When “Broken” Isn’t the Right Word
Why Hurt Needs Healing, Not Fixing
Many of us have learned to describe ourselves as broken.
So we go looking for fixing.
Fix the behavior.
Fix the habits.
Fix the thinking.
Fix whatever feels most exposed.
But Scripture—and experience—offer a truer diagnosis:
Most people are not broken.
They are hurt.
And there is a world of difference between the two.
Things Get Fixed. People Get Healed
We break things.
Cars.
Phones.
Systems.
When something breaks, we diagnose the defect, replace the part, and expect it to perform again.
But people don’t break like machines.
People are wounded.
Scripture names this difference with tenderness:
“He heals the brokenhearted
and binds up their wounds.” (Psalm 147:3)
Notice the language.
Not defective.
Not discarded.
But wounded—and worthy of care.
The problem isn’t that something is wrong with us.
The problem is that something happened to us.
“Broken” Language Often Pulls Us Toward Shame
Shame prefers mechanical language.
Broken implies defect.
Defect implies failure.
Failure implies fault.
When people believe they are broken, they stop asking what happened?
They start assuming what’s wrong with me?
Shame doesn’t invite healing.
It demands repair—and often isolation.
But Scripture rarely treats people as defective objects.
It speaks of weary souls, bruised hearts, and lives in need of restoration.
Hurt Language Makes Room for Healing
To say I am hurt is not weakness.
It is clarity.
Hurt language is relational.
It assumes love mattered.
It acknowledges impact without attaching shame.

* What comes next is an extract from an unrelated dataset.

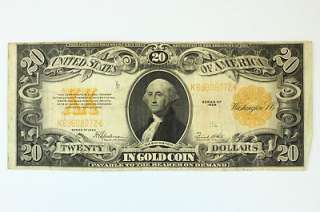 1922 Twenty Dollar $20 Bill Gold Coin Certificate F 1187 Gold Seal 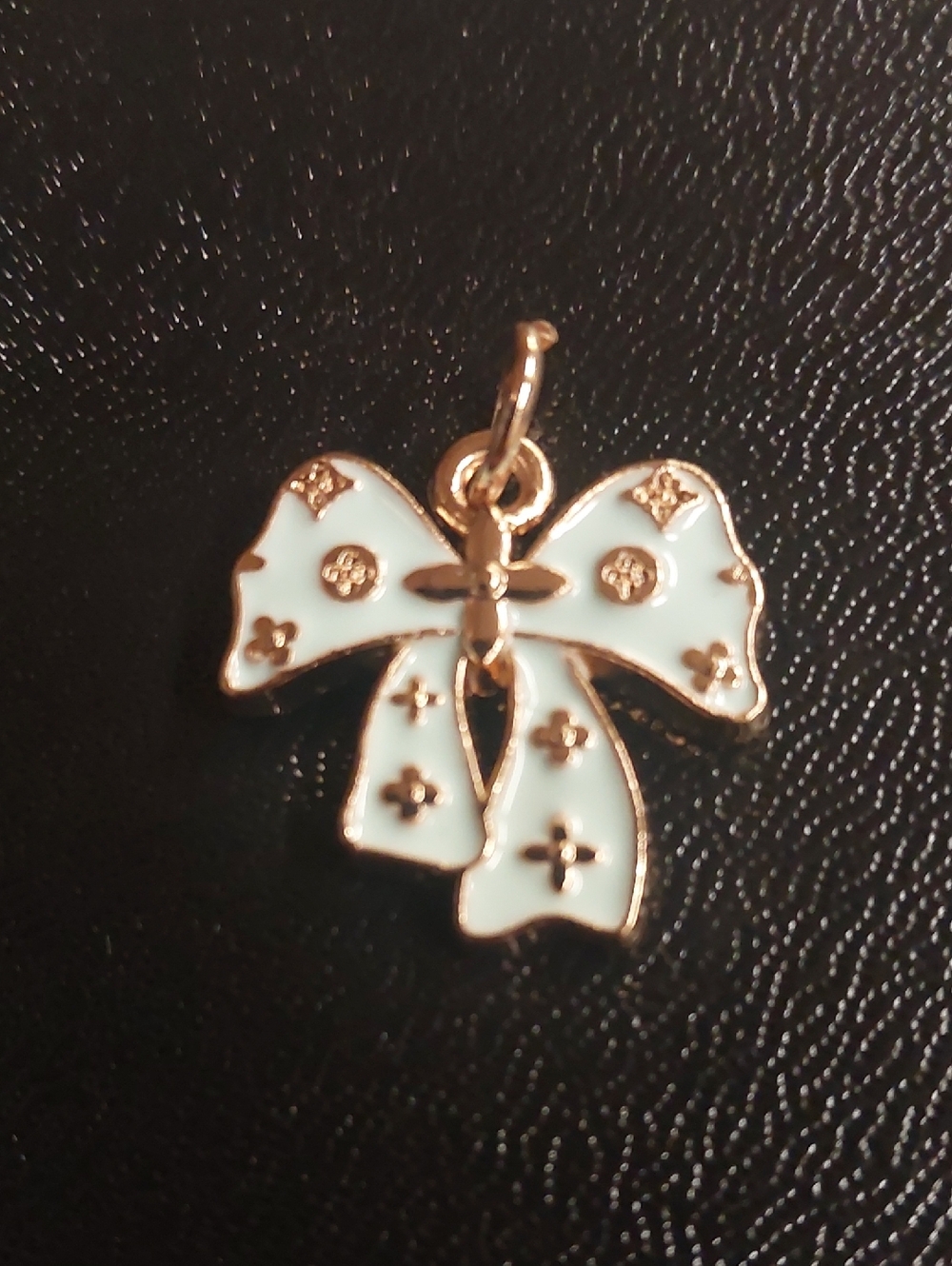 LV Gold Bow Sky Blue Enamel Charm Pendant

Healing doesn’t rush to correct behavior.
It stays long enough to restore connection—to God, to self, to others.
This is why Jesus leads with presence, not pressure.
Presence creates safety.
Safety makes healing possible.
You Are Not a Malfunction
“A bruised reed He will not break.” (Isaiah 42:3)
People are not projects to repair.
They are lives to be loved.
And love doesn’t fix what it can first hold.
Reflection
Where have I used “broken” language that may have increased shame rather than invited healing?
What experiences in my life might still need tenderness rather than correction?
What would it look like to trust God as healer instead of taskmaster?